What to do »
Output, exactly and with no pictures, the line that contains "End Lot Teres" and every line that comes after it in the data below, the last one included.
Material provided Start Marker
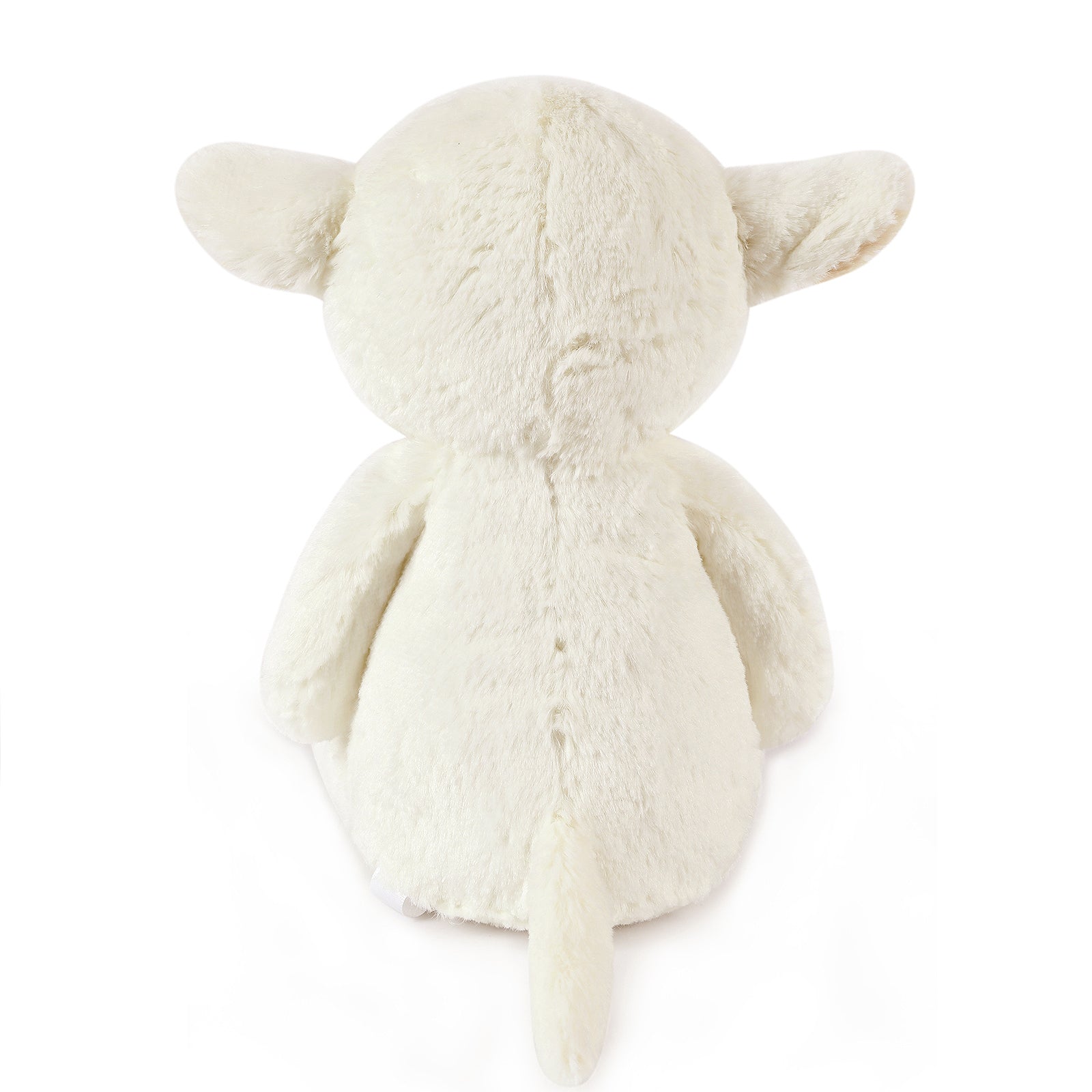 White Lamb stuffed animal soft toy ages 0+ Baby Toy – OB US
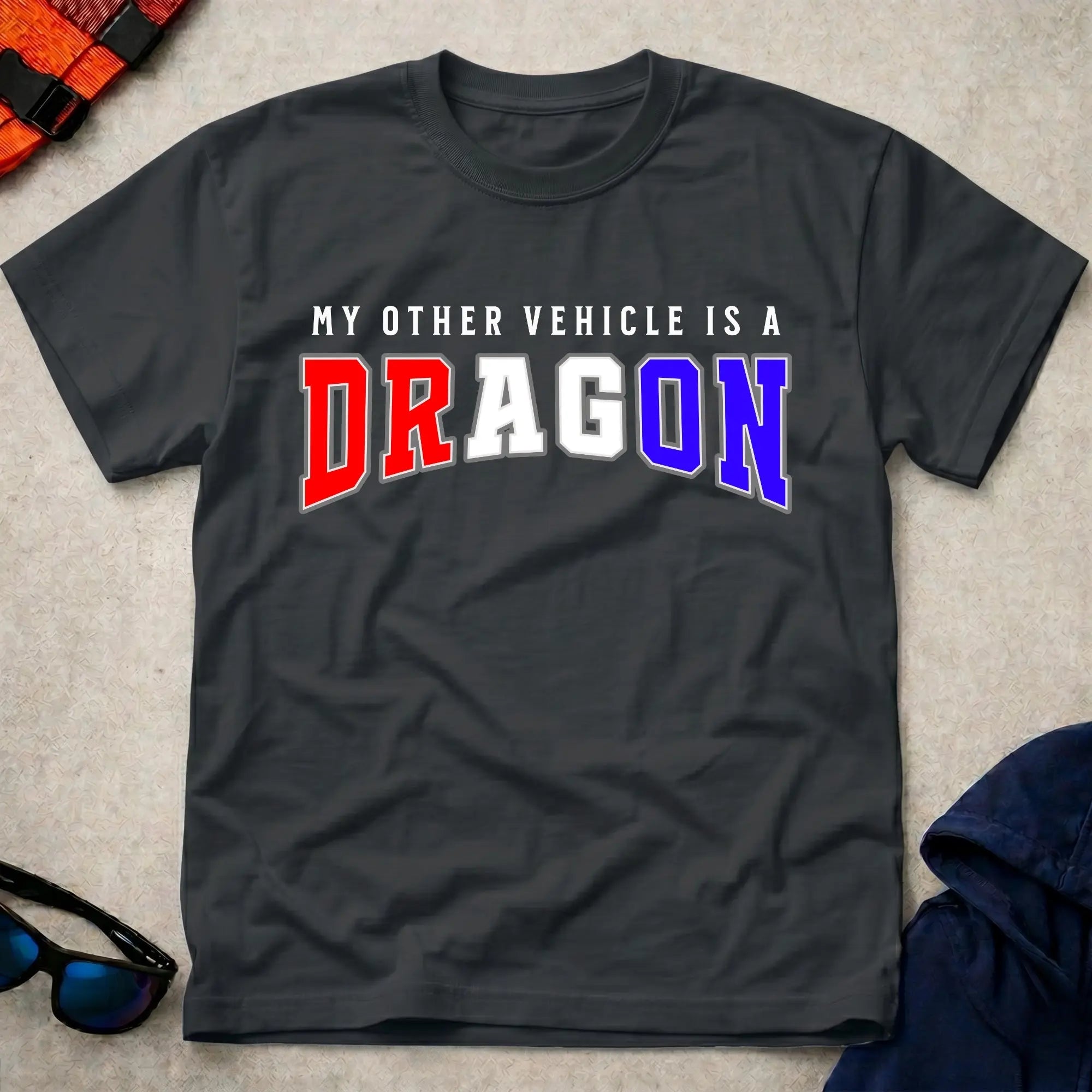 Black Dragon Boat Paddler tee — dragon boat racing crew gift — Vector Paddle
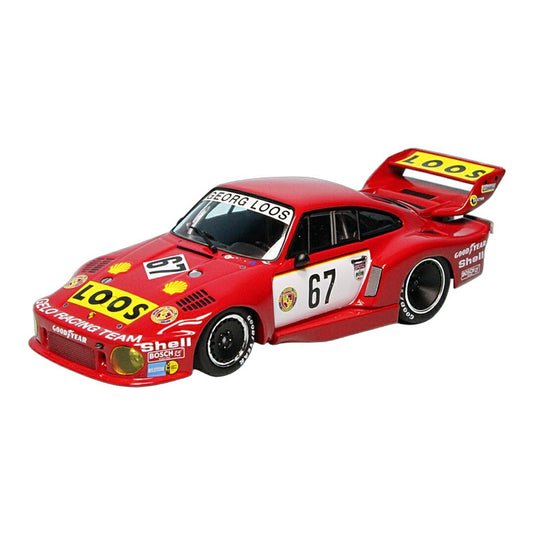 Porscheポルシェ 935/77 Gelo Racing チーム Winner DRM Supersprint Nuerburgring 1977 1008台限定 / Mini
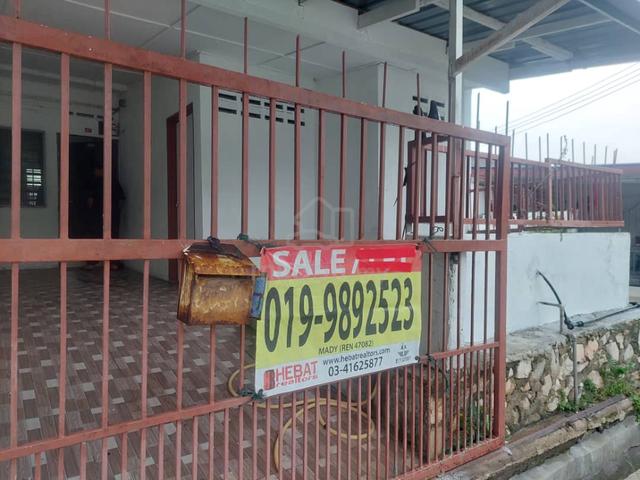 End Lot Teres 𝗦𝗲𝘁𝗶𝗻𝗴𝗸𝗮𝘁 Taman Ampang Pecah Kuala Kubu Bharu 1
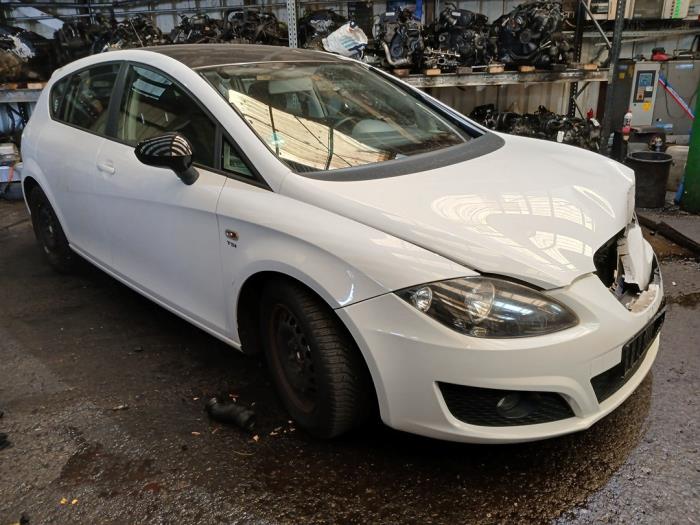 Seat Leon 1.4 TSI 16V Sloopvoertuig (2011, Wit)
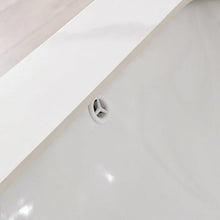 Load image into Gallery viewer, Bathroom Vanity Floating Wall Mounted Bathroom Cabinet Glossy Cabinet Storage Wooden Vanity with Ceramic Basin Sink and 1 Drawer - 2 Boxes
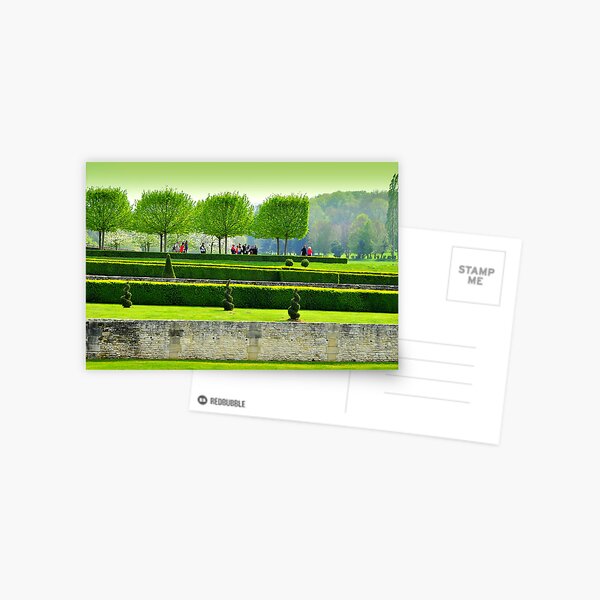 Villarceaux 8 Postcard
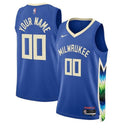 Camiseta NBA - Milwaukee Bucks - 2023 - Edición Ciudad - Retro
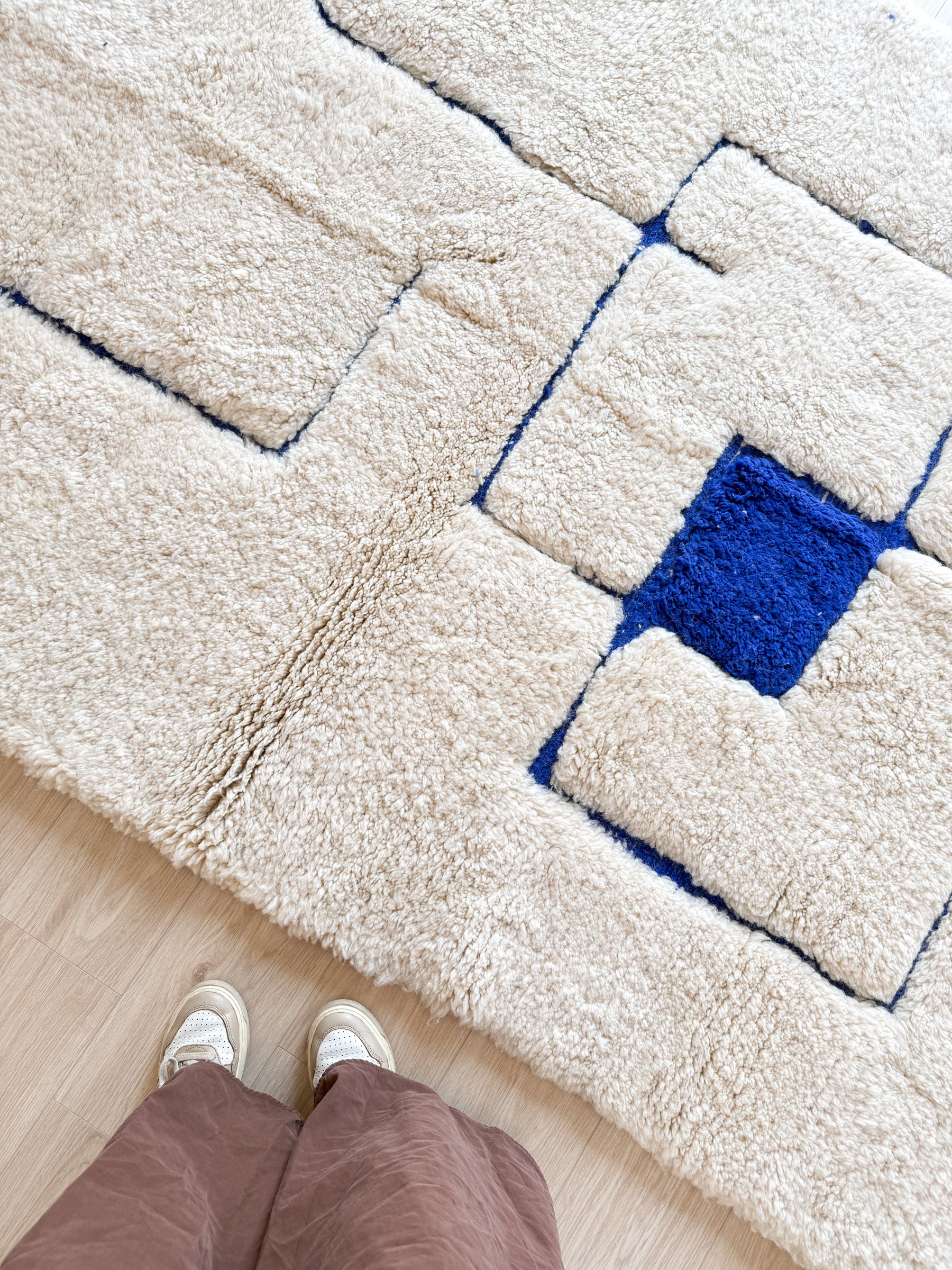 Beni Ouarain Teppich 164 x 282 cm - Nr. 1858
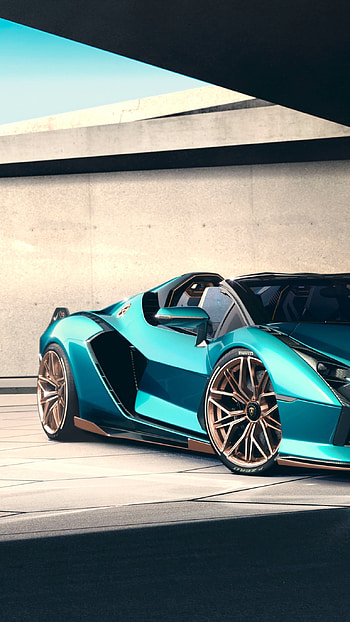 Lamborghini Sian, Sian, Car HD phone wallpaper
Material provided End Marker
Exercise response »
 End Lot Teres 𝗦𝗲𝘁𝗶𝗻𝗴𝗸𝗮𝘁 Taman Ampang Pecah Kuala Kubu Bharu 1
 Seat Leon 1.4 TSI 16V Sloopvoertuig (2011, Wit)
 Load image into Gallery viewer, Bathroom Vanity Floating Wall Mounted Bathroom Cabinet Glossy Cabinet Storage Wooden Vanity with Ceramic Basin Sink and 1 Drawer - 2 Boxes
 Villarceaux 8 Postcard
 Camiseta NBA - Milwaukee Bucks - 2023 - Edición Ciudad - Retro
 Beni Ouarain Teppich 164 x 282 cm - Nr. 1858
 Lamborghini Sian, Sian, Car HD phone wallpaper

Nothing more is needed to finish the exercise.